DIVISION 4Practitioners (continued)

Notice of Prohibition of Sale (continued)

Marginal note:Notice by Minister

  •  (1) In the circumstances described in subsection (2), the Minister must send a notice to the persons and authorities specified in subsection (3) advising them that

    • (a) pharmacists practising in the notified pharmacies and licensed dealers must not sell or provide to the practitioner named in the notice a controlled drug other than a preparation or a preparation;

    • (b) pharmacists practising in the notified pharmacies must not fill a prescription or order from the practitioner named in the notice for a controlled drug other than a preparation or a preparation; or

    • (c) the prohibitions in both paragraphs (a) and (b) apply with respect to the practitioner named in the notice.
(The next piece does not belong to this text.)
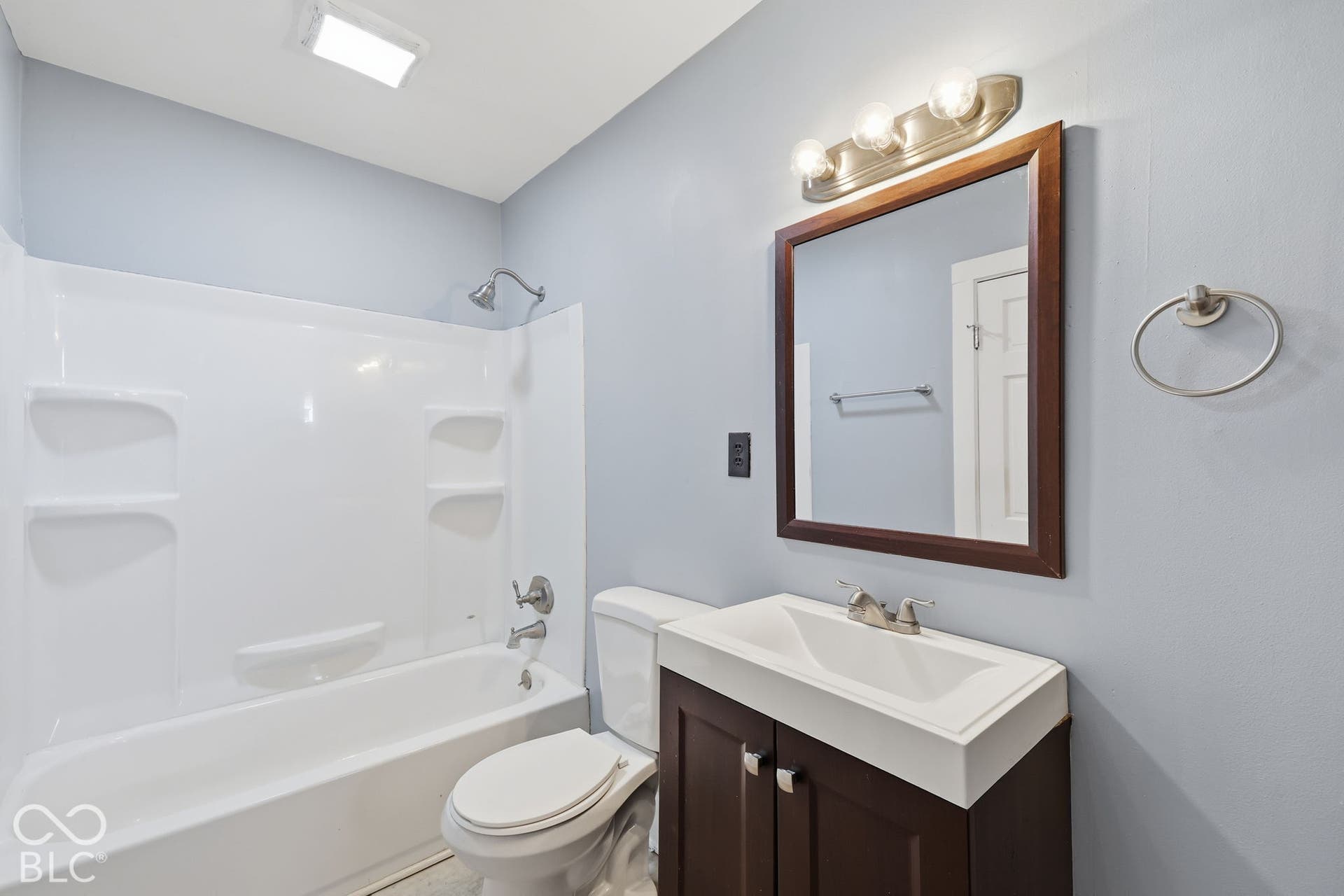 Integrated shower and tub unit, dark wood-finish vanity with a white countertop, framed mirror, and brushed nickel fixtures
  • Marginal note:Circumstances requiring a notice

    (2) The notice must be sent if the practitioner named in the notice has

    • (a) made a request to the Minister in accordance with section G.04.004.1 to send the notice;

    • (b) contravened a rule of conduct established by the provincial professional licensing authority of the province in which the practitioner is practising and the authority has requested the Minister in writing to issue the notice; or

    • (c) been convicted of a designated substance offence or of a contravention of this Part.

  • Marginal note:Recipients

    (3) The notice must be sent to

    • (a) all licensed dealers;

    • (b) all pharmacies within the province in which the practitioner named in the notice is registeredand entitled to practice and is practising;

    • (c) the provincial professional licensing authority of the province in which the practitioner named in the notice is registered and entitled to practise;

    • (d) all pharmacies in an adjacent province in which a prescription or order from the practitioner named in the notice may be filled; and

    • (e) any provincial professional licensing authority in another province that has requested the Minister in writing to send the notice; and

  • Marginal note:Other circumstances

    (4) The Minister may send the notice described in subsection (1) to the persons and authorities specified in subsection (3) if the Minister has taken the measures specified in subsection (5) and has reasonable grounds to believe that the practitioner named in the notice

    • (a) has contravened a provision of the Act or this Part;

    • (b) has, on more than one occasion, self-administered a controlled drug, other than a preparation, under a self-directed prescription or order or, in the absence of a prescription or order, contrary to accepted professional practice;

    • (c) has, on more than one occasion, self-administered a preparation, under a self-directed prescription or order or, in the absence of a prescription or order, contrary to accepted professional practice;

    • (d) has, on more than one occasion, prescribed, provided or administered a controlled drug, other than a preparation, to a person who is a spouse, common-law partner, parent or child of the practitioner, including a child adopted in fact, contrary to accepted professional practice;

    • (e) has, on more than one occasion, prescribed, provided or administered a preparation to a person who is a spouse, common-law partner, parent or child of the practitioner, including a child adopted in fact, contrary to accepted professional; or

    • (f) is unable to account for the quantity of controlled drug for which the practitioner was responsible under this Part.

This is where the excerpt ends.